Mei 22, 2011

Membangkitkan Kembali Rasa Cinta Pada Ibu Pertiwi

Rabu, 11 May 2011 04:47 WIB


Di Balai Keratun Pemda Provinsi Lampung (Rabu, 25 Januari 2006) berlangsung persembahan kecil bagi Ibu Pertiwi. Simposium kebangsaan itu terselenggara berkat kerjasama National Integration Movement (NIM) dengan Pemerintah Kotamadya Bandar Lampung, Harian Lampung Post, dan KoAK (Koalisi Anti Korupsi). Instrumen lagu “Maju Tak Gentar” dengan laras keroncong mengiringi prosesi pembukaan. Dalam upaya mewujudkan Indonesia Jaya, semangat rawe-rawe rantas malang-malang putung yang dulu dimiliki para pejuang perlu dibangkitkan lagi di dada setiap anak bangsa.

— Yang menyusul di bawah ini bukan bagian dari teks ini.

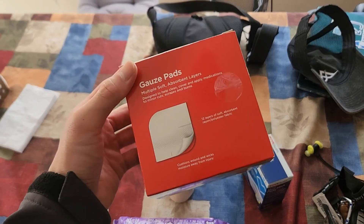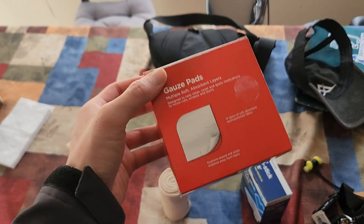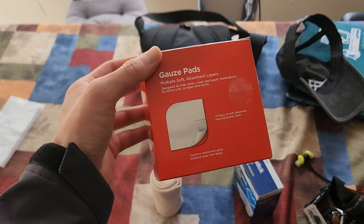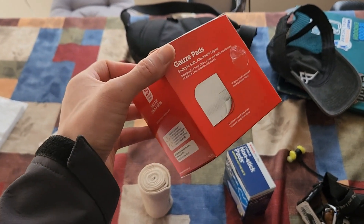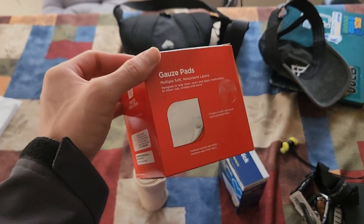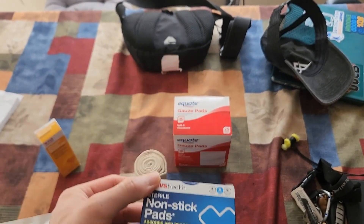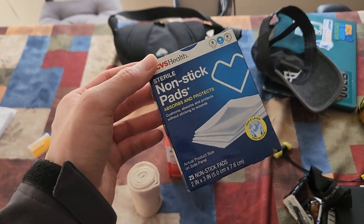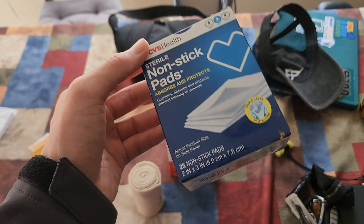Next are gauze pads, which you can use as a top layer. However, if someone has a scab, I would not recommend plain gauze because it can stick. When you need to change the dressing, it can actually scrape the scab off and make the wound worse, prolonging recovery — because scabs are the body's natural bandage. Instead, I use these nonstick or non-adherent pads, also called teflon pads. These prevent the gauze from sticking to the wound and disrupting the healing process.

Kemudian Ahmad Yulden Erwin selaku Ketua Panitia memberikan kata sambutan. Menurut aktivis KoAk ini, kita lahir dan hidup di bumi Indonesia ini. Maka penting rasa cinta pada Ibu Pertiwi dibangkitkan dan dihayati kembali. Bangsa ini didirikan para pendahulu kita tidak secara gratis. Harta benda, keringat, air mata, darah bahkan nyawa dikorbankan demi memproklamasikan kemerdekaan secara politis. Kini tanggungjawab kita melanjutkan perjuangan mereka dengan mengupayakan kemerdekaan setiap jiwa rakyat Indonesia.

Selanjutnya, Maya Safira Muchtar memulai kata sambutan dengan pekik yang lintas agama, suku, ras, profesi, dan gender: SALAM INDONESIA! Serta-merta dijawab oleh lebih dari 500 orang. Ia menguraikan NIM sebagai wadah orang Indonesia yang meskipun memiliki latar belakang yang berbeda namun sama-sama peduli pada Persatuan dan Kesatuan (Integrasi) Bangsa. Penggagas NIM ialah tokoh Humanis Lintas Agama, Anand Krishna. Selama 16 tahun terakhir Anand mencurahkan energinya untuk terus menyuarakan semangat Cinta-Bhakti pada Ibu Pertiwi.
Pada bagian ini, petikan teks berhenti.